Work request = Write out exactly, and only, the lines below from the line with "Come test drive" through the line with "This is the"; pictures do not belong in the copy.

Available records =
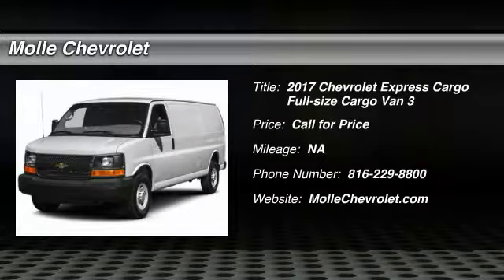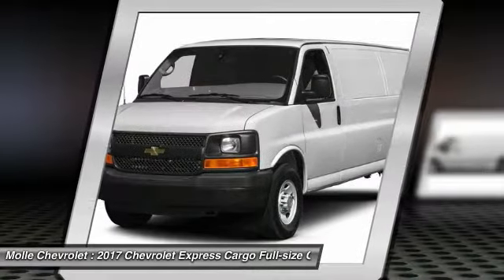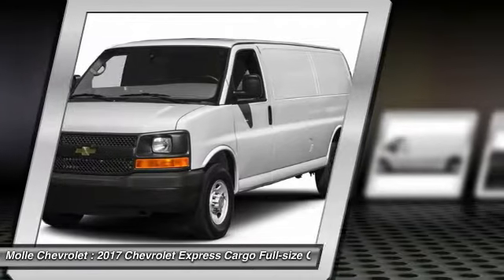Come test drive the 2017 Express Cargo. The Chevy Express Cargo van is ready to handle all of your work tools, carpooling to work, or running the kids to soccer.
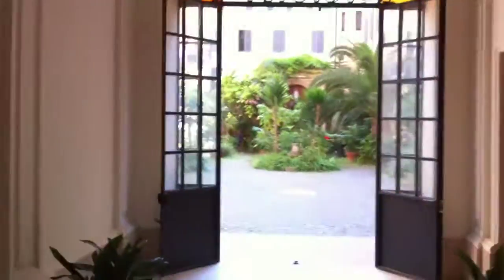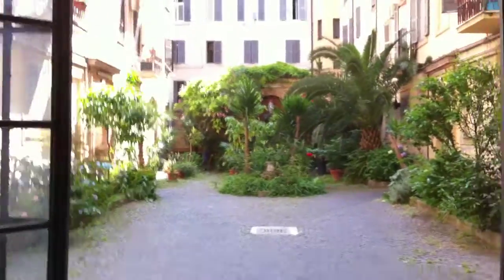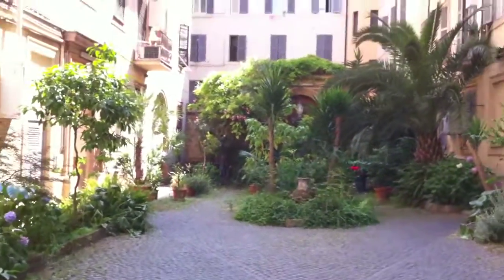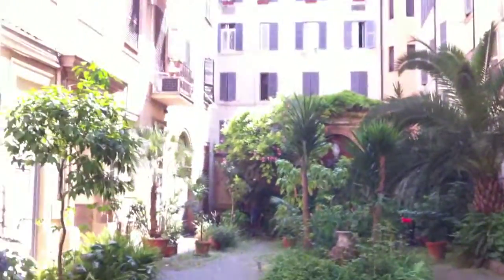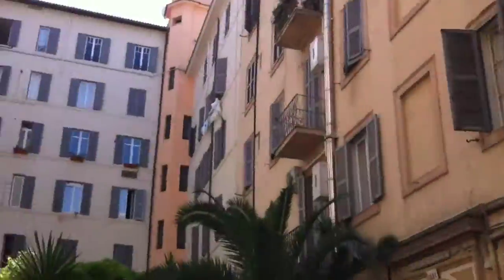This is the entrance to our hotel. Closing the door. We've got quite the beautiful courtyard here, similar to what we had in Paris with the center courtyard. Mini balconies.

---

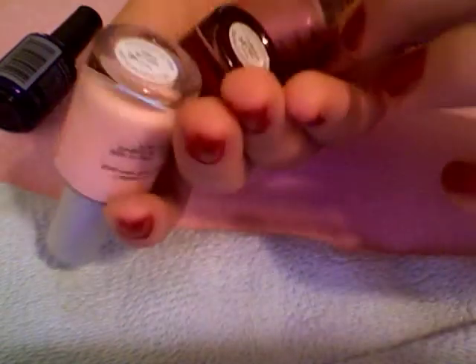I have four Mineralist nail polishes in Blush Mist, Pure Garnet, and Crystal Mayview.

Solution to the problem =
Come test drive the 2017 Express Cargo. The Chevy Express Cargo van is ready to handle all of your work tools, carpooling to work, or running the kids to soccer.
This is the entrance to our hotel. Closing the door. We've got quite the beautiful courtyard here, similar to what we had in Paris with the center courtyard. Mini balconies.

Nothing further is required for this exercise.